[Supplied material]:
☆ ☆ ☆ ☆
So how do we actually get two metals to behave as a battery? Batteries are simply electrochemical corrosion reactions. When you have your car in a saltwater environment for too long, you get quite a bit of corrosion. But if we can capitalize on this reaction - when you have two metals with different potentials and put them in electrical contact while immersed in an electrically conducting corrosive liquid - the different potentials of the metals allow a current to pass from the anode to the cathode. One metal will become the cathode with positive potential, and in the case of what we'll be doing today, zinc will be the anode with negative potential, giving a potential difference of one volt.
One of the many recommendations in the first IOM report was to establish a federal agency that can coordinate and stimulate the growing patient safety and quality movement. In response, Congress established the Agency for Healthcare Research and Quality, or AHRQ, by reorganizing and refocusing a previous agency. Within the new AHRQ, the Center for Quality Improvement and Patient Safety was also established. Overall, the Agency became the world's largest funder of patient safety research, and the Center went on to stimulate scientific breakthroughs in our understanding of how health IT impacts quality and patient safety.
☆ ☆ ☆ ☆
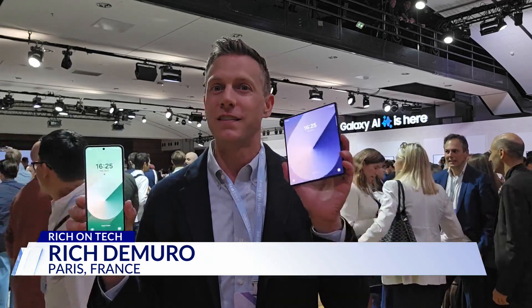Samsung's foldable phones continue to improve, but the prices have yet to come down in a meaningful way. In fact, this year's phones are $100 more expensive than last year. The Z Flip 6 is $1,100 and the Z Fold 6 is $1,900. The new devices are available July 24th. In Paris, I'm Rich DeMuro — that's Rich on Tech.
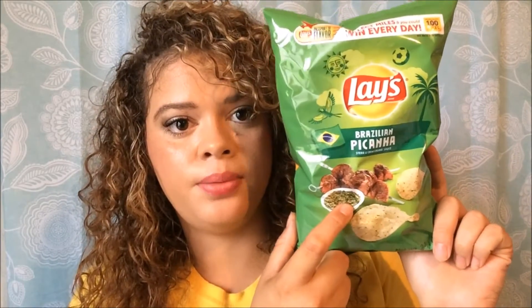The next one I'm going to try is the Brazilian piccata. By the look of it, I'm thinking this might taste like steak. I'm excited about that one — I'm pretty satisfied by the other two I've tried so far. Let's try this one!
☆ ☆ ☆ ☆
[Your goal]:
Only one stretch of the listing is wanted: the lines starting at the one with "Samsung's foldable phones" and ending at the one with "The next one", copied exactly and free of pictures.

[The completed task]:
Samsung's foldable phones continue to improve, but the prices have yet to come down in a meaningful way. In fact, this year's phones are $100 more expensive than last year. The Z Flip 6 is $1,100 and the Z Fold 6 is $1,900. The new devices are available July 24th. In Paris, I'm Rich DeMuro — that's Rich on Tech.
The next one I'm going to try is the Brazilian piccata. By the look of it, I'm thinking this might taste like steak. I'm excited about that one — I'm pretty satisfied by the other two I've tried so far. Let's try this one!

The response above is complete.